### WHAT IS NEEDED
Write the records out again, precisely as they stand.

[Excerpts from a dataset]

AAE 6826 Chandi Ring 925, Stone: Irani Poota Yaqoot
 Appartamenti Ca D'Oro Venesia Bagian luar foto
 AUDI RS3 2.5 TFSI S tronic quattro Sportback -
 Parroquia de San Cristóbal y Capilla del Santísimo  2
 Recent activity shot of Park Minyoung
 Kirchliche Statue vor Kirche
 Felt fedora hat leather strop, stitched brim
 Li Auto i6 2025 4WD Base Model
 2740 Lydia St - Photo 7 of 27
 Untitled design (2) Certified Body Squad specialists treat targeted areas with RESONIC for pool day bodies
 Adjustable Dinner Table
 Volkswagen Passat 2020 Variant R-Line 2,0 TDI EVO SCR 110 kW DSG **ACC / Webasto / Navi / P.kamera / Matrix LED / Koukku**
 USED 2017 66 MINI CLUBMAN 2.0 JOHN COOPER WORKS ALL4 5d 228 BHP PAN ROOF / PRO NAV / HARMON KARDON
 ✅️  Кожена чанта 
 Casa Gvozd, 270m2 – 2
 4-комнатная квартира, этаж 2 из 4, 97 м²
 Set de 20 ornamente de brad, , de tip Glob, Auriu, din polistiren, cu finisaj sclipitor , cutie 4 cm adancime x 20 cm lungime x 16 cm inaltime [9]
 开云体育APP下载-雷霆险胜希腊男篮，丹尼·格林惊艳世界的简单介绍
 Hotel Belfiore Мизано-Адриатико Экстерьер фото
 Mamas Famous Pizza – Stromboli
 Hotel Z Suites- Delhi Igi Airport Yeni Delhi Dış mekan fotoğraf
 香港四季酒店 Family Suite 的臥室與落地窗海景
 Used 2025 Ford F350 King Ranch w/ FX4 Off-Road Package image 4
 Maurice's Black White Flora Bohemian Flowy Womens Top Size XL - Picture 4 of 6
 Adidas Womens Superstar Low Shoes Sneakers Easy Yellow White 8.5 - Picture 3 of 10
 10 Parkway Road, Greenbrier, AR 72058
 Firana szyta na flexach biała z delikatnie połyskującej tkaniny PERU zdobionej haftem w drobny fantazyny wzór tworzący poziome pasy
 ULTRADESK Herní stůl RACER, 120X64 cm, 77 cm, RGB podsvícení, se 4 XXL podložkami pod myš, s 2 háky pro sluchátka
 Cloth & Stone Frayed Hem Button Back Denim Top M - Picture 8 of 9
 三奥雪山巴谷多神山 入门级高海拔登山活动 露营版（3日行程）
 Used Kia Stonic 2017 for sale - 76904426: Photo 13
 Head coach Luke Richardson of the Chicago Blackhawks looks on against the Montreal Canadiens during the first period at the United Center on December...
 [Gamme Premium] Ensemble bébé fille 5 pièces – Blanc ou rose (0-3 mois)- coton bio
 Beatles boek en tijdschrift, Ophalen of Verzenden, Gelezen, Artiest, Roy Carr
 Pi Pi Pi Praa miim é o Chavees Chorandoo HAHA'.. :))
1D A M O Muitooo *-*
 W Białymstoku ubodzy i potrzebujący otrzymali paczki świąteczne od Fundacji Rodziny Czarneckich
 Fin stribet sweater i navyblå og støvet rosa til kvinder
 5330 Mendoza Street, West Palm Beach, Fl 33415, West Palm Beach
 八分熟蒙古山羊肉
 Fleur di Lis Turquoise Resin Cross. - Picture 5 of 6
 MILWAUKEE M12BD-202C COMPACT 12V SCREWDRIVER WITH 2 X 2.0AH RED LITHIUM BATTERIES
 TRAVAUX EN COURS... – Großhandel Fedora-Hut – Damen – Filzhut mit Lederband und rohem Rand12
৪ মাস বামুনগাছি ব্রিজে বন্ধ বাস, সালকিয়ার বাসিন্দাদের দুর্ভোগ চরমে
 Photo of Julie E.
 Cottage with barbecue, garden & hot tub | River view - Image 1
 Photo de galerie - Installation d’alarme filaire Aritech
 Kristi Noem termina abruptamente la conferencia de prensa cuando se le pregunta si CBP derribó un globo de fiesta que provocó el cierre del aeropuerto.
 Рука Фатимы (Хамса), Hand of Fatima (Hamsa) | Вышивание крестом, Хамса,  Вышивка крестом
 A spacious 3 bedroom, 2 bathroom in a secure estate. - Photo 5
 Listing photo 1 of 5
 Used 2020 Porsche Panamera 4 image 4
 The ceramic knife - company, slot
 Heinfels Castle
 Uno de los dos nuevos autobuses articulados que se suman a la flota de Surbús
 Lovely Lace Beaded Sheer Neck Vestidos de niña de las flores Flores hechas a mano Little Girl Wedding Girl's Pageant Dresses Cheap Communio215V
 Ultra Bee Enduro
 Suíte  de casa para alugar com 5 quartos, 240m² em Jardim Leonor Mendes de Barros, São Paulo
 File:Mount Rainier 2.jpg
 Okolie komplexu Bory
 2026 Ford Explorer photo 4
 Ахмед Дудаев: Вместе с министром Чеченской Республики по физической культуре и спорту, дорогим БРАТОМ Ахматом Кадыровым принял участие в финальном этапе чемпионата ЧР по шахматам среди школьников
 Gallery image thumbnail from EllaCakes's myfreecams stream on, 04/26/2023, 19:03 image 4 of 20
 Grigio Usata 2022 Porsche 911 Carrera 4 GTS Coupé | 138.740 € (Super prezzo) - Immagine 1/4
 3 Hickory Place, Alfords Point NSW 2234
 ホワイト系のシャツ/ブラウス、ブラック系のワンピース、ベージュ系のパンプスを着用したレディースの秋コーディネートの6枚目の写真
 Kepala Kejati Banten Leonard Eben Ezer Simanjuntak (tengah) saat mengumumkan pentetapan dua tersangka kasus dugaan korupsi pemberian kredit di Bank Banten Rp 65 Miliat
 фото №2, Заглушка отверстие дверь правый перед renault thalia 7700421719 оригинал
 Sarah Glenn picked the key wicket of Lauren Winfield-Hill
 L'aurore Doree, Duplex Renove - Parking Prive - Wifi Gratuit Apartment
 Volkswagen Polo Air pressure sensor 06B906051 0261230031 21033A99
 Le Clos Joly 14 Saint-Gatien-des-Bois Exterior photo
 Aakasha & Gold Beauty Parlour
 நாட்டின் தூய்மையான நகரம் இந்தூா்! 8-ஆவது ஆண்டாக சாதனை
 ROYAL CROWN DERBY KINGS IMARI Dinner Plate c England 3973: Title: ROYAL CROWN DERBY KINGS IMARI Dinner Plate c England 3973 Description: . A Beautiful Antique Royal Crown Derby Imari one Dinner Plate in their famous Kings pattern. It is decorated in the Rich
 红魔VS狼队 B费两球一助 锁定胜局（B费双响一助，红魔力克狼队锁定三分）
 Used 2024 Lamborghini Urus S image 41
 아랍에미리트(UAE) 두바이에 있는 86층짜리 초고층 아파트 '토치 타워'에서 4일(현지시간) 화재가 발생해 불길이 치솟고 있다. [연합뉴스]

### WRITTEN RESPONSE
AAE 6826 Chandi Ring 925, Stone: Irani Poota Yaqoot
 Appartamenti Ca D'Oro Venesia Bagian luar foto
 AUDI RS3 2.5 TFSI S tronic quattro Sportback -
 Parroquia de San Cristóbal y Capilla del Santísimo  2
 Recent activity shot of Park Minyoung
 Kirchliche Statue vor Kirche
 Felt fedora hat leather strop, stitched brim
 Li Auto i6 2025 4WD Base Model
 2740 Lydia St - Photo 7 of 27
 Untitled design (2) Certified Body Squad specialists treat targeted areas with RESONIC for pool day bodies
 Adjustable Dinner Table
 Volkswagen Passat 2020 Variant R-Line 2,0 TDI EVO SCR 110 kW DSG **ACC / Webasto / Navi / P.kamera / Matrix LED / Koukku**
 USED 2017 66 MINI CLUBMAN 2.0 JOHN COOPER WORKS ALL4 5d 228 BHP PAN ROOF / PRO NAV / HARMON KARDON
 ✅️  Кожена чанта 
 Casa Gvozd, 270m2 – 2
 4-комнатная квартира, этаж 2 из 4, 97 м²
 Set de 20 ornamente de brad, , de tip Glob, Auriu, din polistiren, cu finisaj sclipitor , cutie 4 cm adancime x 20 cm lungime x 16 cm inaltime [9]
 开云体育APP下载-雷霆险胜希腊男篮，丹尼·格林惊艳世界的简单介绍
 Hotel Belfiore Мизано-Адриатико Экстерьер фото
 Mamas Famous Pizza – Stromboli
 Hotel Z Suites- Delhi Igi Airport Yeni Delhi Dış mekan fotoğraf
 香港四季酒店 Family Suite 的臥室與落地窗海景
 Used 2025 Ford F350 King Ranch w/ FX4 Off-Road Package image 4
 Maurice's Black White Flora Bohemian Flowy Womens Top Size XL - Picture 4 of 6
 Adidas Womens Superstar Low Shoes Sneakers Easy Yellow White 8.5 - Picture 3 of 10
 10 Parkway Road, Greenbrier, AR 72058
 Firana szyta na flexach biała z delikatnie połyskującej tkaniny PERU zdobionej haftem w drobny fantazyny wzór tworzący poziome pasy
 ULTRADESK Herní stůl RACER, 120X64 cm, 77 cm, RGB podsvícení, se 4 XXL podložkami pod myš, s 2 háky pro sluchátka
 Cloth & Stone Frayed Hem Button Back Denim Top M - Picture 8 of 9
 三奥雪山巴谷多神山 入门级高海拔登山活动 露营版（3日行程）
 Used Kia Stonic 2017 for sale - 76904426: Photo 13
 Head coach Luke Richardson of the Chicago Blackhawks looks on against the Montreal Canadiens during the first period at the United Center on December...
 [Gamme Premium] Ensemble bébé fille 5 pièces – Blanc ou rose (0-3 mois)- coton bio
 Beatles boek en tijdschrift, Ophalen of Verzenden, Gelezen, Artiest, Roy Carr
 Pi Pi Pi Praa miim é o Chavees Chorandoo HAHA'.. :))
1D A M O Muitooo *-*
 W Białymstoku ubodzy i potrzebujący otrzymali paczki świąteczne od Fundacji Rodziny Czarneckich
 Fin stribet sweater i navyblå og støvet rosa til kvinder
 5330 Mendoza Street, West Palm Beach, Fl 33415, West Palm Beach
 八分熟蒙古山羊肉
 Fleur di Lis Turquoise Resin Cross. - Picture 5 of 6
 MILWAUKEE M12BD-202C COMPACT 12V SCREWDRIVER WITH 2 X 2.0AH RED LITHIUM BATTERIES
 TRAVAUX EN COURS... – Großhandel Fedora-Hut – Damen – Filzhut mit Lederband und rohem Rand12
৪ মাস বামুনগাছি ব্রিজে বন্ধ বাস, সালকিয়ার বাসিন্দাদের দুর্ভোগ চরমে
 Photo of Julie E.
 Cottage with barbecue, garden & hot tub | River view - Image 1
 Photo de galerie - Installation d’alarme filaire Aritech
 Kristi Noem termina abruptamente la conferencia de prensa cuando se le pregunta si CBP derribó un globo de fiesta que provocó el cierre del aeropuerto.
 Рука Фатимы (Хамса), Hand of Fatima (Hamsa) | Вышивание крестом, Хамса,  Вышивка крестом
 A spacious 3 bedroom, 2 bathroom in a secure estate. - Photo 5
 Listing photo 1 of 5
 Used 2020 Porsche Panamera 4 image 4
 The ceramic knife - company, slot
 Heinfels Castle
 Uno de los dos nuevos autobuses articulados que se suman a la flota de Surbús
 Lovely Lace Beaded Sheer Neck Vestidos de niña de las flores Flores hechas a mano Little Girl Wedding Girl's Pageant Dresses Cheap Communio215V
 Ultra Bee Enduro
 Suíte  de casa para alugar com 5 quartos, 240m² em Jardim Leonor Mendes de Barros, São Paulo
 File:Mount Rainier 2.jpg
 Okolie komplexu Bory
 2026 Ford Explorer photo 4
 Ахмед Дудаев: Вместе с министром Чеченской Республики по физической культуре и спорту, дорогим БРАТОМ Ахматом Кадыровым принял участие в финальном этапе чемпионата ЧР по шахматам среди школьников
 Gallery image thumbnail from EllaCakes's myfreecams stream on, 04/26/2023, 19:03 image 4 of 20
 Grigio Usata 2022 Porsche 911 Carrera 4 GTS Coupé | 138.740 € (Super prezzo) - Immagine 1/4
 3 Hickory Place, Alfords Point NSW 2234
 ホワイト系のシャツ/ブラウス、ブラック系のワンピース、ベージュ系のパンプスを着用したレディースの秋コーディネートの6枚目の写真
 Kepala Kejati Banten Leonard Eben Ezer Simanjuntak (tengah) saat mengumumkan pentetapan dua tersangka kasus dugaan korupsi pemberian kredit di Bank Banten Rp 65 Miliat
 фото №2, Заглушка отверстие дверь правый перед renault thalia 7700421719 оригинал
 Sarah Glenn picked the key wicket of Lauren Winfield-Hill
 L'aurore Doree, Duplex Renove - Parking Prive - Wifi Gratuit Apartment
 Volkswagen Polo Air pressure sensor 06B906051 0261230031 21033A99
 Le Clos Joly 14 Saint-Gatien-des-Bois Exterior photo
 Aakasha & Gold Beauty Parlour
 நாட்டின் தூய்மையான நகரம் இந்தூா்! 8-ஆவது ஆண்டாக சாதனை
 ROYAL CROWN DERBY KINGS IMARI Dinner Plate c England 3973: Title: ROYAL CROWN DERBY KINGS IMARI Dinner Plate c England 3973 Description: . A Beautiful Antique Royal Crown Derby Imari one Dinner Plate in their famous Kings pattern. It is decorated in the Rich
 红魔VS狼队 B费两球一助 锁定胜局（B费双响一助，红魔力克狼队锁定三分）
 Used 2024 Lamborghini Urus S image 41
 아랍에미리트(UAE) 두바이에 있는 86층짜리 초고층 아파트 '토치 타워'에서 4일(현지시간) 화재가 발생해 불길이 치솟고 있다. [연합뉴스]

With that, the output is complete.